This marks only the second upside surprise in the past 12 months, the first reading north of 100,000 since April, and the most robust monthly gain since December 2024.
Calling the report "economic comfort food," UCF economist Sean Snaith writes, "this report feels more like a security blanket than a wake-up call. It tells us the economy is on solid footing, but it doesn't force the Fed’s hand."
Spelunking below the surface, the services sector was responsible for 79.1% of the 172,000 private sector job adds, with goods-producing and construction headcounts increasing by 36,000 and 33,000, respectively. Government payrolls, on the other hand, were reduced by 42,000.
Even so, a sizable downward revision to last year's job gains (over 860,000 fewer than originally reported) lends some credence to a softening jobs market scenario.

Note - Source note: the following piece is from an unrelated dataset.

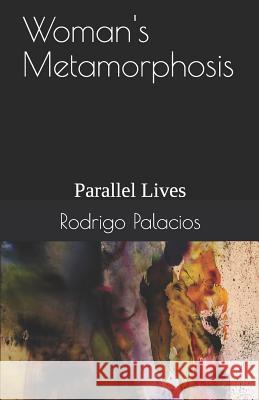 Woman's Metamorphosis: Parallel Lives Rodrigo Palacios 9781076968937 Independently Published - książka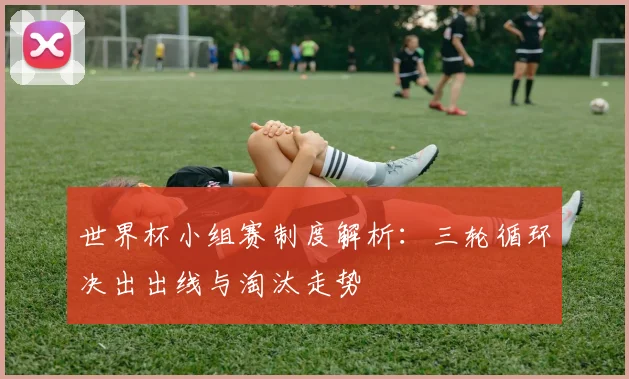 世界杯小组赛制度解析：三轮循环决出出线与淘汰走势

"The great news from last month – twice as many jobs were created in January as expected – could easily be overshadowed by the final revisions," says Chris Zaccarelli, chief investment officer at Northlight Asset Management.
The report also gave markets their first glimpse at January inflation, showing average hourly wages heated up, rising by 0.4% on a monthly basis, rather than repeating December's 0.3% growth per consensus.
Year-over-year, wages increased 3.7%, or 0.1 percentage point warmer than economists' forecasts and a repeat of the prior month's figure.
Obviously, that's well above Powell & Co's average annual 2% inflation target and bodes ill for near-term rate cut hopes, but a consumer with more money in their wallet can't be all bad for an economy that derives about 70% of its growth from consumer spending.
"With the policy rate around neutral, January’s guidance pointing toward patience and the economy chugging along, an extended pause still seems likely," says Oren Klachkin, financial market economist at Nationwide.
The Labor Department's CPI report, due on Friday, will offer a second take on January inflation.
The jobless rate USUNR=ECI also defied expectations by edging down to 4.3%, even as the labor market participation improved by 10 basis points to 62.5%.
That's a neat little hat trick, because when more folks leap into the workforce pool, the unemployment rate tends to creep higher.
The average unemployment duration dropped to 22.4 weeks from 24.1 weeks in November. Any shortening of the amount of time it takes laid-off workers to find new gigs could help reverse souring labor market confidence, which is now at its most pessimistic level since February 2021, per the Conference Board.
Finally, breaking down joblessness by race and ethnicity, unemployment among White Americans inched down to 3.7%, while Black and Hispanic joblessness fell to 7.2% and 4.4%, respectively.
The White-Black unemployment gap narrowed to a still-elevated 3.5 percentage points from a previous 3.7 reading.